Zo duidelijk is het meestal niet. Voor ons is van belang de narcissus in onszelf te leren kennen: beseffend hoe goed we zijn in zelfbedrog.

“Wrijf je hoofd in met olie” . . .
Ook dat is een beeld. Natuurlijk keren mensen zich af van wie het goede meent te moeten doen door als een sombere treurwilg of een stekelige cactus door het leven te gaan. Maar ook hier is de boodschap: vereenzelvig je niet met jezelf als liefdadige, biddende of vastende. Klamp je niet vast aan die ene identiteit. Val er niet mee samen. Hang jezelf er niet aan op. Vergeet meteen jezelf. In zekere zin: doe wel en zie niet om. Want het gaat om de andere, het gaat om de zaak. Niet om jou, noch om je inzet, je waarheid of je centen.

Vasten is loslaten. Innerlijk vrij worden. Om ons te laten inpalmen door het goede zelf, door God. Dan doen wij niet langer het goede, maar het goede doet ons.
Dat maakt mensen vreugdevol en aantrekkelijk: leven vanuit het goede.
Ik denk aan drie mensen bij wie ik juist dat meen te zien. De Dalai Lama die vreugdevolle, zachtmoedige kracht uitstraalt. Paus Franciscus heeft ook zoiets. En, Koen Blieck durf ik als derde te noemen.
Drie beperkte mensen, geen van hen volmaakt, maar gedragen door een innerlijke goedheid die hen ver overstijgt. Dat laatste is, denk ik, de verborgenheid van de Vader waarover Jezus het heeft.

Lied: Ik zie de hemel opengaan…

Inbreng gemeenschap

Inleiding tafelgebed

Het is tijd om aan tafel te gaan, brood en wijn te delen en dat grote verhaal van zo lang geleden opnieuw in gedachtenis te brengen. Een verhaal dat eindigde met een nederlaag, de marteldood aan het kruis, maar nadien is gaan leven, gaan stromen en steeds opnieuw mensen doet opstaan en om bevrijding schreeuwen.

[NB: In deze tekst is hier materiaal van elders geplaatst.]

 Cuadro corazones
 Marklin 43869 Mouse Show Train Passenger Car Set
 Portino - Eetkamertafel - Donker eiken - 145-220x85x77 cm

We willen het simpele beeld dat Jezus van Nazareth ons gaf, in gedachten brengen. Hij die alleen maar wat brood en wat wijn nam en het uitdeelde en daarmee zei: dit is het allemaal, hierin zit de waarheid over mijn en jullie bestaan.
Die zei: “Als je zoals ik nu, samen met elkaar aan tafel gaat, kijk dan voorbij het verleden en voorbij de maatschappelijke status, maar raak de mensen aan met een buitengewone aandacht en liefde. Daardoor maak je de bron van goed doen in elke mens vrij. Telkens wanneer dit gebeurt, wordt een nieuwe, hoopvolle toekomst mogelijk. Telkens wanneer je je eigen zoeken naar geluk kan laten doorkruisen door het beeld, het gelaat van de vreemde, kwetsbare en weerloze andere, wordt nieuw leven mogelijk.

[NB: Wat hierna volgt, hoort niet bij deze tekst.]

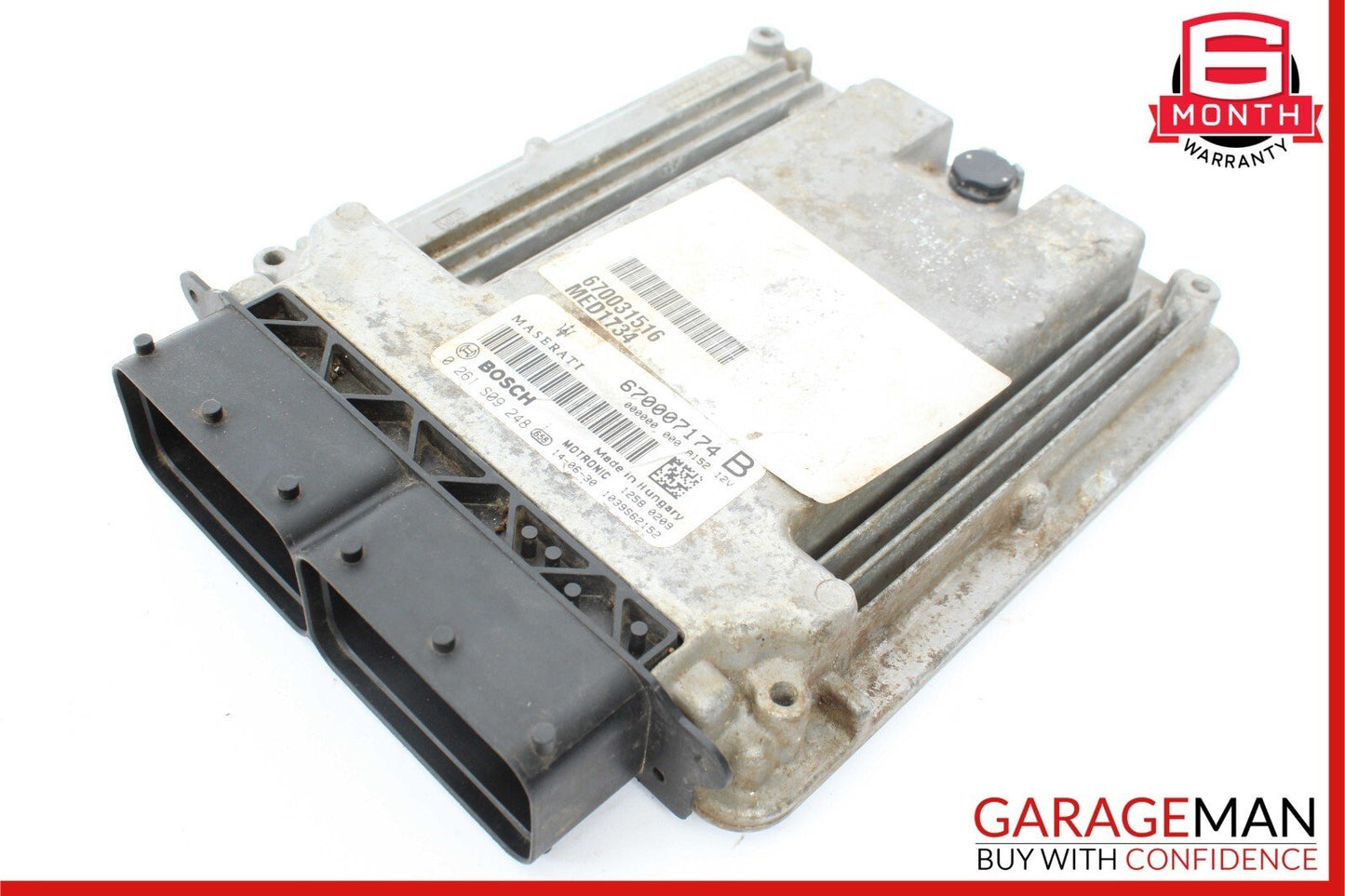 14-17 Maserati Ghibli ECU ECM Engine Computer Control Module Unit 670031516 OEM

Een simpel beeld, wat brood en wijn, een gebaar dat we week na week herhalen om niet te vergeten, om onze verbeelding steeds nieuwe kracht te geven.
We doen dat niet alleen, maar in verbondenheid met allen die hetzelfde gebaar gebruiken overal ter wereld en in verbondenheid met hen die ons hierin voorgingen, onze lieve doden.

Onze vader

Vredeswens

Wensen we elkaar dat het goede zelf in ons werkzaam wordt en dat, ondanks de zwaarte van deze wereld en de ernst waarmee we de problemen aanpakken, onze vreugde mag stralen.